**ACTIVITY**
Your answer must be an exact transcription of the data, with every picture omitted.

**PROVIDED DATA**
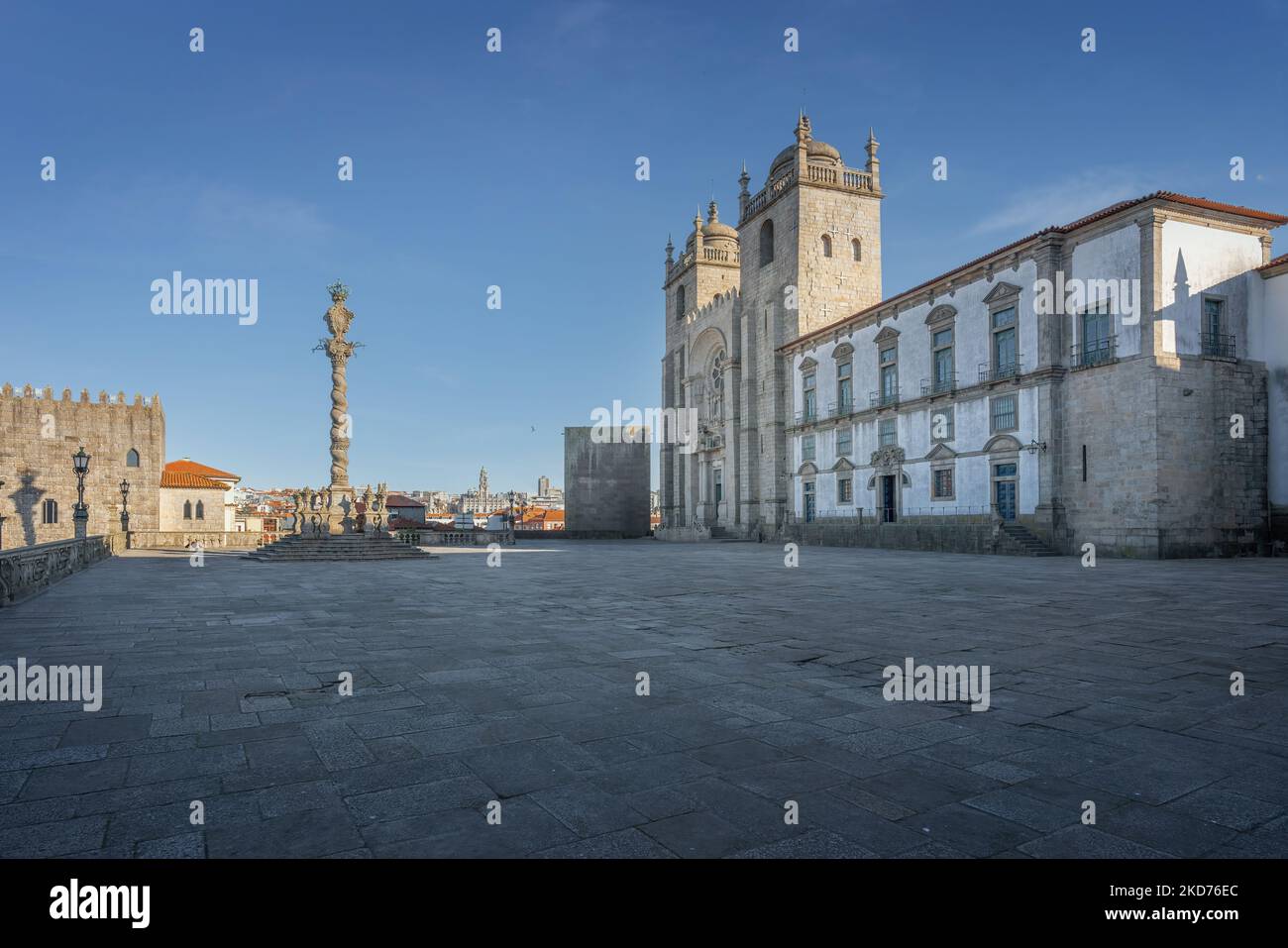 Cattedrale di se do Porto e colonna Pelourinho a Terreiro da se - Porto, Portogallo Foto Stock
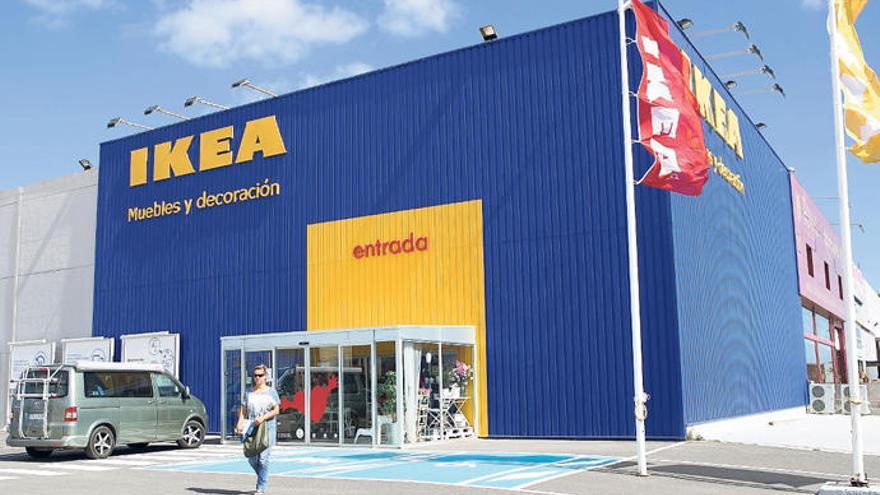 Punto de Entrega de Ikea, en la zona industrial de Costa Antigua, ayer.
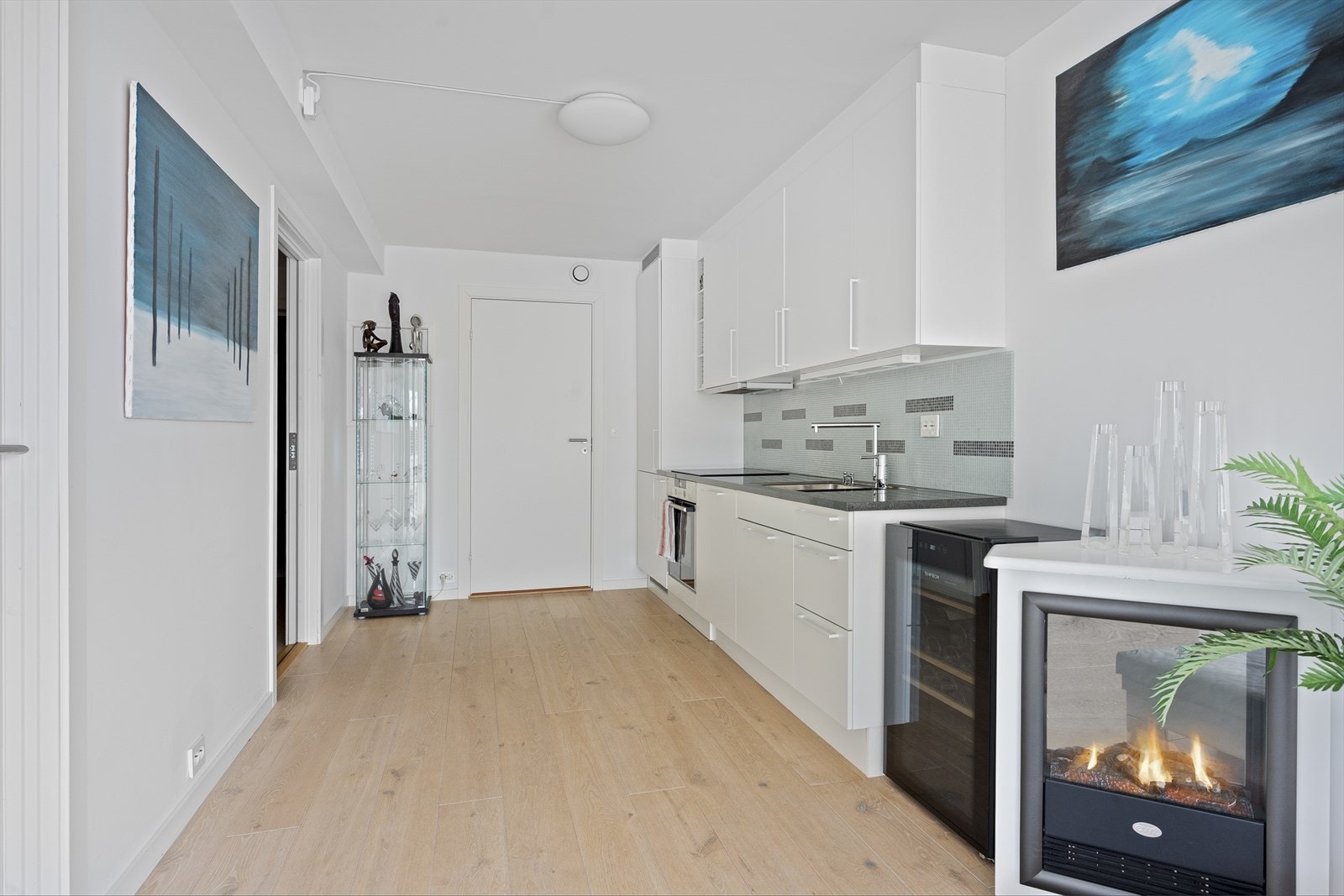 Kjøkken fra HTH med integrerte hvitevarer av merket Siemens. Det er balansert ventilasjon i leiligheten. Galleribilde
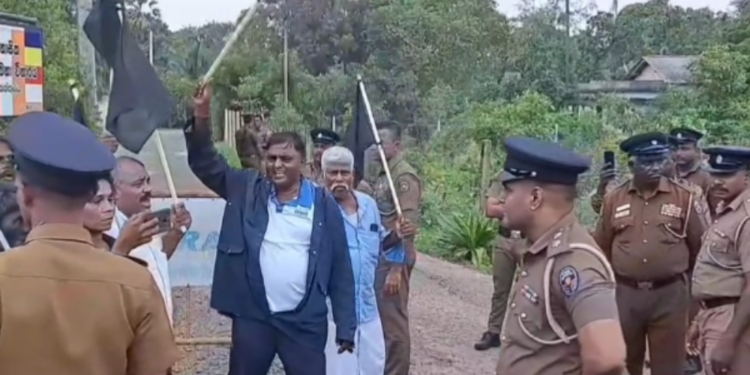 தையிட்டியில் பொது மக்களுக்கும் பொலிஸாருக்குமிடையில் முறுகல்!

**YOUR SOLUTION**
 Cattedrale di se do Porto e colonna Pelourinho a Terreiro da se - Porto, Portogallo Foto Stock
 Punto de Entrega de Ikea, en la zona industrial de Costa Antigua, ayer.
 Kjøkken fra HTH med integrerte hvitevarer av merket Siemens. Det er balansert ventilasjon i leiligheten. Galleribilde
 தையிட்டியில் பொது மக்களுக்கும் பொலிஸாருக்குமிடையில் முறுகல்!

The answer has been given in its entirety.